Dalam bahasa Italia ada pepatah terkenal yang berbunyi traduttore, traditore, artinya “penerjemah adalah pengkhianat”. Maksudnya, tidak mungkin suatu terjemahan seratus persen setia pada teks dalam bahasa lain yang diterjemahkan karena mau tidak mau harus “mengkhianati” teks asli itu. Pepatah Italia itu sendiri merupakan contoh bagus tentang apa yang diungkapkannya.
Tentu saja kata Italia traduttore berarti \'penerjemah\' dan kata kedua traditore berarti \'pengkhianat\'. Tentang itu tidak ada kesulitan atau keraguan apa pun. Kesulitannya mulai bila kita menerjemahkan pepatah Italia itu sebagai keseluruhan sebab hanya dua huruf berbeda dalam dua kata itu, sedangkan maknanya berbeda jauh sehingga menjadi cukup lucu bila diucapkan dalam bahasa Italia. Nuansa lucu itu hilang sama sekali jika pepatah diterjemahkan ke dalam bahasa Indonesia atau bahasa lain.
Memang benar, kesulitan mengenai penerjemahan tidak selalu dirasakan dengan cara yang sama. Jika melalui bahasa disampaikan informasi sederhana yang tidak mungkin salah ditafsirkan, hampir tidak akan dirasakan kesulitan dalam terjemahan. Contohnya adalah peraturan lalu lintas. Jika ada peraturan seperti “dilarang belok kiri”, “satu arah”, “dilarang parkir”, “kecepatan maksimal 60 km per jam”, tidak sulit untuk memberi terjemahan yang persis sama dalam bahasa lain. Karena itu, terbuka kemungkinan untuk membuat rambu-rambu lalu lintas internasional yang dapat diberlakukan di semua negara. Namun, sejauh teks yang harus diterjemahkan menjadi lebih kompleks, sejauh itu pula bertambah kesulitan bagi si penerjemah. Akhirnya, paling banyak tantangan dihadapi jika orang harus menerjemahkan karya sastra yang bermutu tinggi, apalagi karya puisi. Karena itu, jika kita tidak bisa membaca drama-drama William Shakespeare dalam bahasa aslinya, kita selalu rugi, apalagi karya sonetanya.
Bahasa ternyata tidak merupakan pembungkus saja bagi pikiran atau makna yang ada di dalamnya.

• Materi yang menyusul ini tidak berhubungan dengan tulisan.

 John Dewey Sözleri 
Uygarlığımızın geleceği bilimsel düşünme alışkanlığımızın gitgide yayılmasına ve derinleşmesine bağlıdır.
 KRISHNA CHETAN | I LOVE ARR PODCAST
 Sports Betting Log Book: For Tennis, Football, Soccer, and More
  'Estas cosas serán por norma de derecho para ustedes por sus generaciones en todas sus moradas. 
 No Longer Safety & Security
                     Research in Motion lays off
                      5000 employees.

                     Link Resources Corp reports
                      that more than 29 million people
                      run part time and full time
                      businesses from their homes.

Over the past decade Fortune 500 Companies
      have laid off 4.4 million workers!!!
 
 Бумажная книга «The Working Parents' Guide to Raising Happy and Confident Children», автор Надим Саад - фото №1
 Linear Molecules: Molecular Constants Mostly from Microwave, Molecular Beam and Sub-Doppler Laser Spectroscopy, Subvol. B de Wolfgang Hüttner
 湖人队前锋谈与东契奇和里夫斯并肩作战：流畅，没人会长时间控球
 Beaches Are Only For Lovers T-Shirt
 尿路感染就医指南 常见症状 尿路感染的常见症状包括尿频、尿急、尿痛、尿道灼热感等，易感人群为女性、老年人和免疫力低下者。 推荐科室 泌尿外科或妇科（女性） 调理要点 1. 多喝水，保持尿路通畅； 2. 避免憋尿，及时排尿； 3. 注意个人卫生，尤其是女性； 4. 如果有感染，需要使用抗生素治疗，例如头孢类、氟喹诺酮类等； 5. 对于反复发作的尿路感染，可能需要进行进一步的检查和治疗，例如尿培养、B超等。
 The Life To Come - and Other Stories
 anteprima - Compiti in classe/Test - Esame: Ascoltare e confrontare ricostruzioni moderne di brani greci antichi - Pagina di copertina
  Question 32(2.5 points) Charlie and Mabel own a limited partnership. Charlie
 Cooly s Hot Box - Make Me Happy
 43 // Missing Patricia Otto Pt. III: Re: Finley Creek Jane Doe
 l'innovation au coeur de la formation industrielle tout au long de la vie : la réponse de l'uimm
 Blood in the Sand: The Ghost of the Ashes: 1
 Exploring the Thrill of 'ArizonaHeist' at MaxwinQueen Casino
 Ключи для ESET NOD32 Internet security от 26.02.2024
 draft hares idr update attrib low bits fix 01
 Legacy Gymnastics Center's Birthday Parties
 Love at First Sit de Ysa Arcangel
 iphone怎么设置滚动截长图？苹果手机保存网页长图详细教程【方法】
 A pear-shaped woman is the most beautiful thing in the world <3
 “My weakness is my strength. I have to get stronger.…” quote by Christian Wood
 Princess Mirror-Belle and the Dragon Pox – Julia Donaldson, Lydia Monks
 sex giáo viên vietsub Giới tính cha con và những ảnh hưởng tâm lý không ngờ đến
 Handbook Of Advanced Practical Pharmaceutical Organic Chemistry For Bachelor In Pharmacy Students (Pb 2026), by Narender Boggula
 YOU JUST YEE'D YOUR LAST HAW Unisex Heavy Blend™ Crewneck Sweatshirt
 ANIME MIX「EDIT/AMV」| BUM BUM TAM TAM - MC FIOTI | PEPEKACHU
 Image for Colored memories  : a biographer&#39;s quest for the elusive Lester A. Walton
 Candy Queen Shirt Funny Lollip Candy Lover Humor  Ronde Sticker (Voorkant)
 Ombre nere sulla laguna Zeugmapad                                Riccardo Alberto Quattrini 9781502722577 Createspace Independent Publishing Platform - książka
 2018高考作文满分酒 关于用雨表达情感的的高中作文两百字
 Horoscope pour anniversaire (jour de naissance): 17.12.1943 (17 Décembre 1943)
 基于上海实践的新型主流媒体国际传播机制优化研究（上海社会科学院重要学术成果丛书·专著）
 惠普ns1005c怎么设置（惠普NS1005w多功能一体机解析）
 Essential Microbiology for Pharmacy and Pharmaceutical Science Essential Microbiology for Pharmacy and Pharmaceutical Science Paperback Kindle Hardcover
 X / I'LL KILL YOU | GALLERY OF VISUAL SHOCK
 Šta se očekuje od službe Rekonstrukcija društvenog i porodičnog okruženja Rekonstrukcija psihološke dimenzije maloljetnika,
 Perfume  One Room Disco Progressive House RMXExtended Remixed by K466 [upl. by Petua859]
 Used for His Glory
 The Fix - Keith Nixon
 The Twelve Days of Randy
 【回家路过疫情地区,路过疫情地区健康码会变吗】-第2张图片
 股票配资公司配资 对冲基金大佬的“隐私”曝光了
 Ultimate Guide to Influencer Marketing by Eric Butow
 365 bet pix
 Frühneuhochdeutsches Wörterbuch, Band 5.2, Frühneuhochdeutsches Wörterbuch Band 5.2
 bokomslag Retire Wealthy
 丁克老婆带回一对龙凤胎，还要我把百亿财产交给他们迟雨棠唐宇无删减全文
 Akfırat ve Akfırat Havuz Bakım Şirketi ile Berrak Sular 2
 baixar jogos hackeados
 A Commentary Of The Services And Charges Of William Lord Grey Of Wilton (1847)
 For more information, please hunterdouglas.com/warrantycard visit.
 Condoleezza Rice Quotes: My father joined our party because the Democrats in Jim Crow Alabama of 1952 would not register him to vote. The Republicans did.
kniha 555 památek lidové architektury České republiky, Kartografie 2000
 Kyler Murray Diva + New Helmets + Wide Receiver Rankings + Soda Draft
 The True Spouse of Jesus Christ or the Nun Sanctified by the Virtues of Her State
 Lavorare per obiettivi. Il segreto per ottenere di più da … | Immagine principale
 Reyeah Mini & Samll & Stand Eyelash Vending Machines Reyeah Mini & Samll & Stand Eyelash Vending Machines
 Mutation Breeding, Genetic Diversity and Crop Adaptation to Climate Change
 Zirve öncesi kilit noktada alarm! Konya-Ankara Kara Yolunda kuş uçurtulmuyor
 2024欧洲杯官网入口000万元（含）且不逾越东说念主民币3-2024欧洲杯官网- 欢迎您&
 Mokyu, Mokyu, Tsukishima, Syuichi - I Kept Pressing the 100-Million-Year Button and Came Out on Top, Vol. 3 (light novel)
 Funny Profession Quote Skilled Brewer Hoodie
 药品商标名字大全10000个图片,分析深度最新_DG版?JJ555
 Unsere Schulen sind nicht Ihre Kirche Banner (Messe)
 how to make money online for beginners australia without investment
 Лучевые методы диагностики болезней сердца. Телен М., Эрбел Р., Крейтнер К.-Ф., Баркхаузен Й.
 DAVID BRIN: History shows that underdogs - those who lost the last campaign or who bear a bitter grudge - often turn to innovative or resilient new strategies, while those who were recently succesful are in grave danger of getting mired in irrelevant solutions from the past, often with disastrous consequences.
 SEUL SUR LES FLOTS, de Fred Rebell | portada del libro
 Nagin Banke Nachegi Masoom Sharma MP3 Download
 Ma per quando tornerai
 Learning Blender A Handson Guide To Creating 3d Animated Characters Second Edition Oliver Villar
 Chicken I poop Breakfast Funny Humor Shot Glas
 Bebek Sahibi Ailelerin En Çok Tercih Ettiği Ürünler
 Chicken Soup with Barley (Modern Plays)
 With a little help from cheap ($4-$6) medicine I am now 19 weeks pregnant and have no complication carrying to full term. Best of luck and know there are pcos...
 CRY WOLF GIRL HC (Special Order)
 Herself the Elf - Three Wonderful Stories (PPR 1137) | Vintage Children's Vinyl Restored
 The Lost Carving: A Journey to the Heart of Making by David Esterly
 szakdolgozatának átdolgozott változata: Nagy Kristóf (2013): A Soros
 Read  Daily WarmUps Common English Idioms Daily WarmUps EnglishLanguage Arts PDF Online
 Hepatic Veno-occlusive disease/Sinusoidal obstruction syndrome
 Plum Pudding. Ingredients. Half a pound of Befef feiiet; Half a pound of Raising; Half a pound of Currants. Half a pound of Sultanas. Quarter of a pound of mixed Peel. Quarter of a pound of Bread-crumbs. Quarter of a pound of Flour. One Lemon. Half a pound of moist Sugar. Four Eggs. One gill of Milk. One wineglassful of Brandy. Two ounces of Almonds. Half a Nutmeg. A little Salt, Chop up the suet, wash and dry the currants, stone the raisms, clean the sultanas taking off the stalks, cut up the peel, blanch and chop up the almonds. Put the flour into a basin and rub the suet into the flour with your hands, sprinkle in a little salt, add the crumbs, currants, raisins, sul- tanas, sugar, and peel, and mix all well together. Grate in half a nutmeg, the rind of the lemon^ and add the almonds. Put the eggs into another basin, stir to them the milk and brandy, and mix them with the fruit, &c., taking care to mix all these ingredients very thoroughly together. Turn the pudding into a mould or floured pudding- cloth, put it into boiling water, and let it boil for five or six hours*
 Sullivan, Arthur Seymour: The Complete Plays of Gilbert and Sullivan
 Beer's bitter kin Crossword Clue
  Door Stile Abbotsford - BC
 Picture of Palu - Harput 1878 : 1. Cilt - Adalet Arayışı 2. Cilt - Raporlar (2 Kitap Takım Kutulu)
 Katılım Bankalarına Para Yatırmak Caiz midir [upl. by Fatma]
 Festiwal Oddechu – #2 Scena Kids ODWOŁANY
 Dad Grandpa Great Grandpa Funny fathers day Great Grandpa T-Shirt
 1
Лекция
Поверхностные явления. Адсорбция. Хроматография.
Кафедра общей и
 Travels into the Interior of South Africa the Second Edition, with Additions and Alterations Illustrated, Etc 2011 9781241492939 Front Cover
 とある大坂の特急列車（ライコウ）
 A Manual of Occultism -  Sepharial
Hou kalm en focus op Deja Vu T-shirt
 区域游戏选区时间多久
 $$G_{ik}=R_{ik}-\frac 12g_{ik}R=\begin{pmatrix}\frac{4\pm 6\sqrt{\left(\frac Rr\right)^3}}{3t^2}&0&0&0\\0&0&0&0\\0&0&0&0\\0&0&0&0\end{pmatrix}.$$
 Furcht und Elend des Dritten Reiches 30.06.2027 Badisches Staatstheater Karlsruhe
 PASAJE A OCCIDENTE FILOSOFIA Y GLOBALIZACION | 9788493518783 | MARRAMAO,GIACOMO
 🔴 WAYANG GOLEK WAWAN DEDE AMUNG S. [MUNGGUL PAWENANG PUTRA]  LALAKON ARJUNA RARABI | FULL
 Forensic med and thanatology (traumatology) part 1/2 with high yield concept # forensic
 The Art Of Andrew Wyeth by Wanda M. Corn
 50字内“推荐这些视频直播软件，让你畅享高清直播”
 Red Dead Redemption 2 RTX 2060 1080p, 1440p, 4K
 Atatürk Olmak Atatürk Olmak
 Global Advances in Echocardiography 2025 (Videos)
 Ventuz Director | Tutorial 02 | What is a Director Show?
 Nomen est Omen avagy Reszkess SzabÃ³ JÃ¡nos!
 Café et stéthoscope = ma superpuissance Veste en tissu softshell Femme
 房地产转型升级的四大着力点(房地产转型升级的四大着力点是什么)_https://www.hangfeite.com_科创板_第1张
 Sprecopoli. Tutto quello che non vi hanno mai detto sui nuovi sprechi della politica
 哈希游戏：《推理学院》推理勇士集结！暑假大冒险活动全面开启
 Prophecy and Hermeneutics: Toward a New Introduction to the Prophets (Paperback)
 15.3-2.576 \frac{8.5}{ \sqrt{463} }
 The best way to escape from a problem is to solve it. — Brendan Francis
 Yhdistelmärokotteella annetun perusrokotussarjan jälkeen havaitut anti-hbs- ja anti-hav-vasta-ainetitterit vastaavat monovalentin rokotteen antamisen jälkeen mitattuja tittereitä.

Dan, karena itu, menerjemahkan tidak sama dengan menggantikan pakaian: makna yang tetap sama dilepaskan dari satu bahasa dan didandani dengan bahasa lain.
Sebaliknya, dengan salah satu cara makna bersatu dengan bahasa. Kita bisa mengatakan juga, makna terjelma dalam kata-kata yang diucapkan atau ditulis. Tidak mungkin menerjemahkan sebuah teks tanpa menyentuh dan, dengan itu, merusak sedikit maknanya. Dalam terjemahan, makna asli tidak utuh lagi.
Keadaannya menjadi lebih rumit lagi jika kita menyadari bahwa makna tidak saja terkandung dalam kata-kata yang diucapkan atau teks yang ditulis. Untuk menangkap makna yang sesungguhnya tidak kalah penting memperhatikan juga konteksnya. Para diplomat profesional selalu sudah mengetahui bahwa bukan saja apa yang dikatakan oleh lawan bicaranya harus dianggap penting, tetapi juga seluruh konteksnya, termasuk “bahasa tubuh” si pembicara. Apakah “ya” yang dikatakan berarti “ya” dengan sepenuh hati atau “ya” dengan ragu-ragu atau barangkali arti yang sebenarnya adalah “tidak”?
Penerjemah yang baik bukan saja harus menguasai betul bahasa asing dari mana ia menerjemahkan teksnya, melainkan juga mempunyai sedikit bakat diplomasi untuk menemukan makna tersembunyi. Dengan demikian, sudah jelas bahwa menerjemahkan bukan pekerjaan mudah.